Nach den bis zum 12.10.1964 abgegebenen Anträgen sind Konzentrationen von über 100 000 Personen für den 7. und 8.11. im 1. Besuchszeitraum und für den 19. und 26.12.1964 sowie den 2.1.1965 im 2. Besuchszeitraum in der Hauptstadt der DDR zu erwarten.

In sämtlichen Passierscheinstellen wurden am 12.10. alle Antragsteller abgefertigt. Wartezeiten gab es nur in Einzelfällen. Die DDR-Postangestellten waren teilweise nicht ausgelastet. Die Verkürzung der Abfertigungszeit ist im Wesentlichen darauf zurückzuführen, dass die DDR-Angestellten nicht mehr so viele hartnäckige Diskussionen mit Antragstellern über die Beschränkung der Besuchstage führen mussten und vor allem allen Störversuchen der Westkräfte energisch entgegentraten. Die Westkräfte wurden darauf hingewiesen, dass seit der Ausgabe der Merkblätter die Abfertigung vereinfacht wurde.

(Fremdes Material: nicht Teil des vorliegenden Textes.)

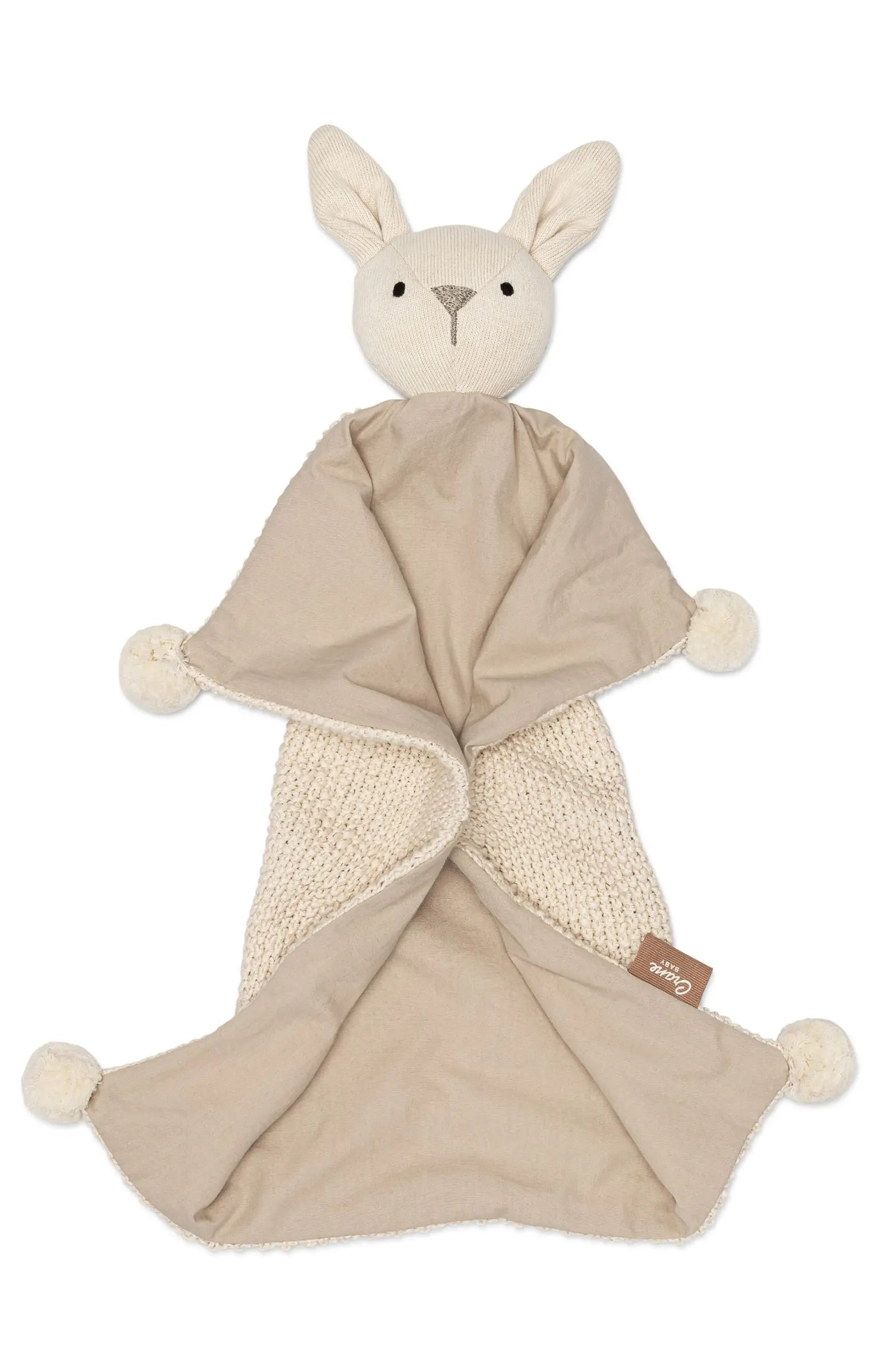 Organic Cotton Lovey Baby Blanket | Nordstrom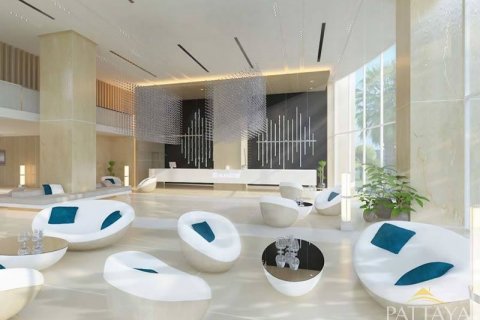 Condominio de 1 dormitorio en Pattaya, Tailandia № 21270 - foto 3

Die Störtätigkeit der westlichen Kräfte richtete sich insbesondere gegen die Bemühungen der DDR-Seite zur Durchsetzung des Besucherlimits und vor allem gegen die Verteilung der Merkblätter. Die westlichen Kräfte waren vom Senat fernschriftlich entsprechend instruiert worden. Aus dem Fernschreiben, das die Westseite in der Passierscheinstelle Neukölln/Morusstraße erhalten hatte, ging die Orientierung des Senats hervor, Antragsteller als Ersatz für den 25., 26.12. auf den 24. und 27.12. zu orientieren. Die Beschränkungen für den 1. Besuchszeitraum sollten dagegen von den Westkräften nicht anerkannt werden. Außerdem war angewiesen, die Verteilung der Merkblätter zu verhindern.

Die Reaktion der Westkräfte auf diese Anweisung war unterschiedlich. Teilweise lehnten sie die Maßnahmen des Senats ab und beschwerten sich darüber, dass ihre Arbeit nicht gewürdigt würde (Kritik an westlichen Presseveröffentlichungen). Von einigen dieser Kräfte wurde erklärt, die DDR habe die beste Übersicht und müsse wissen, wann eine Steuerung des Besucherverkehrs notwendig werde. Ein Teil der Westkräfte unterstützte die Argumentation der DDR-Postangestellten in Gesprächen mit den Antragstellern, bediente sich zunehmend der DDR-Merkblätter und änderte Besuchsdaten auf den Anträgen. In anderen Fällen kam es nach anfänglichen Schwierigkeiten in der Zusammenarbeit zu keinen Einmischungsversuchen von Westberliner Seite mehr.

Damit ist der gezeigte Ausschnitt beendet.